Cancer type, stage at diagnosis, and date of diagnosis were all self-reported and if consent was given, these data were also provided by the National Cancer Registration and Analysis Service (NCRAS). NCRAS data were used if available, but if not available, then self-report data were used. For some people, NCRAS data suggested that they had been diagnosed with another cancer since their breast/prostate/colorectal cancer diagnosis. Hence, in this study, cancer type was categorised into most recent diagnosis of breast, prostate, colorectal, or breast/prostate/colorectal plus one other. The number of days between this most recent cancer diagnosis and baseline assessments was calculated. Participants also self-reported on the treatment received for their most recent cancer, which was categorised into surgery only, surgery plus any other treatment, other treatments, and no treatment/active surveillance.
Analysis
Missing data
Multiple imputation (MI) by chained equations was used to impute missing data on predictors, outcomes and covariates given recommendations to impute all three [55]. Twenty imputed datasets were generated and pooled using Rubin’s rules [56].
Descriptive statistics
Descriptive statistics for the observed and imputed datasets were calculated.
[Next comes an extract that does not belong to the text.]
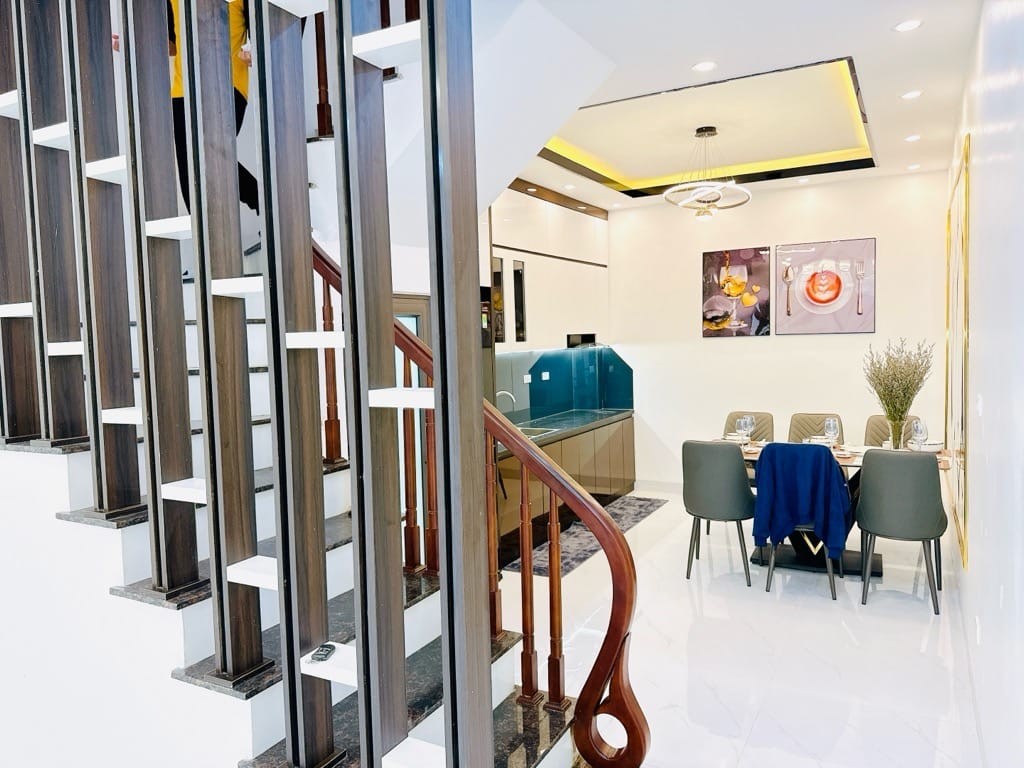 Bán nhà phân lô Tam Trinh, vỉa hè ô tô tránh, kinh doanh sầm uất, đầy đủ nội thất.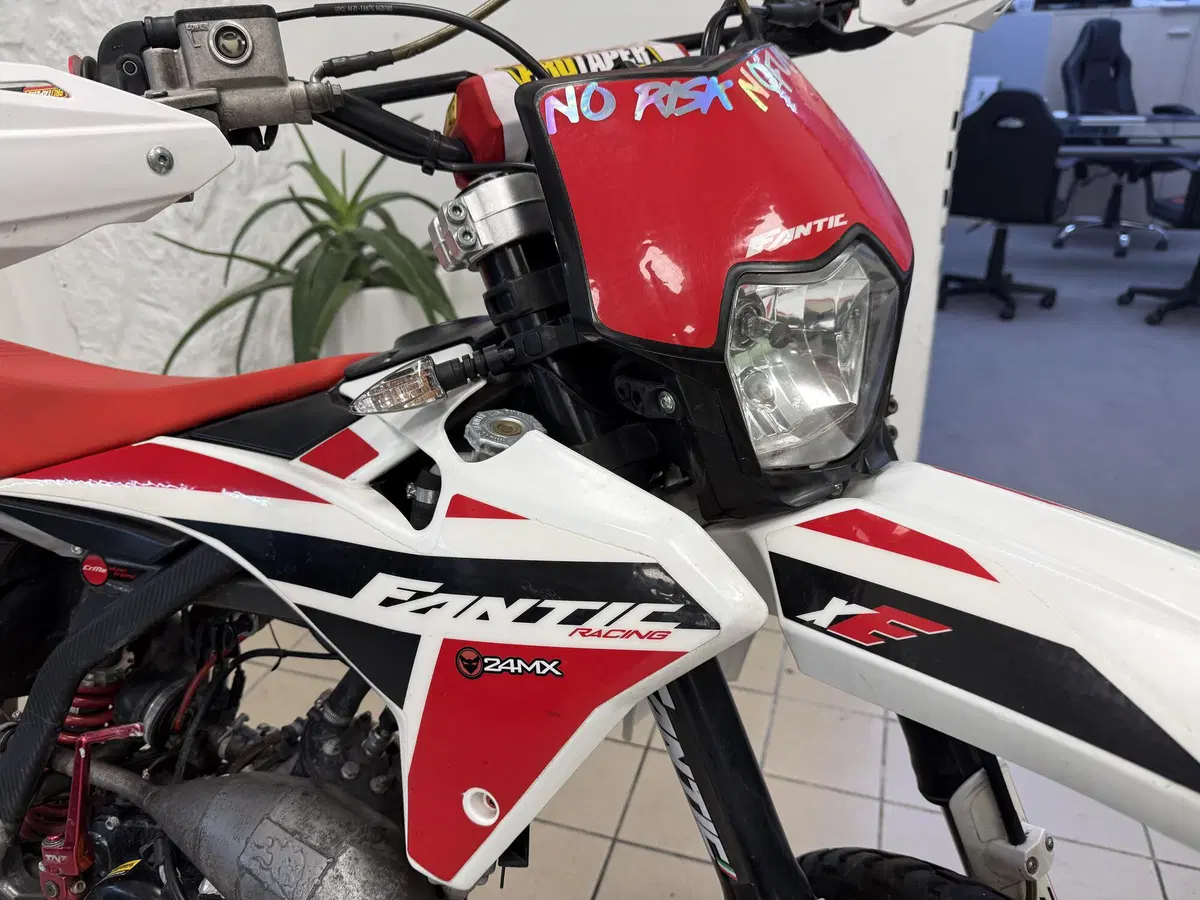 Fantic Motor Enduro 50 Performance 2t (2020) (3)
Means and standard deviations (SDs) were calculated for continuous variables, and frequencies and percentages were computed for categorical variables.
Main analyses
Multiple linear regression was conducted to assess the association between anxiety/depression and the CHBRI index. Logistic regression was conducted to assess associations between anxiety/depression and meeting WCRF recommendations for each health behaviour. All assumptions were tested for and met. Analyses were adjusted for all covariates. The results for binary outcomes (meeting WCRF recommendations/not) are reported as adjusted odds ratios (ORs) and 95% confidence intervals (CIs). The results for continuous outcomes (CHBRI) are reported as beta (B) coefficients and 95% confidence intervals. Two models were run for each analysis. Model 1 included age and sex, and Model 2 included age, sex, ethnicity, marital status, highest level of education, total number of comorbidities, cancer type, cancer stage, treatment, and time between cancer diagnosis and baseline assessments. Stata version 18.0 was used for all analyses.
Sensitivity analyses
Two sensitivity analyses were conducted. First, the analyses were repeated on a sample of participants with no missing data on the exposure, outcome and covariates. Second, the analyses were repeated with body mass index added to Model 2, as it was uncertain if body mass index was on the causal pathway (e.g., depression -> weight gain -> lower fitness behaviours) or acted as a confounder.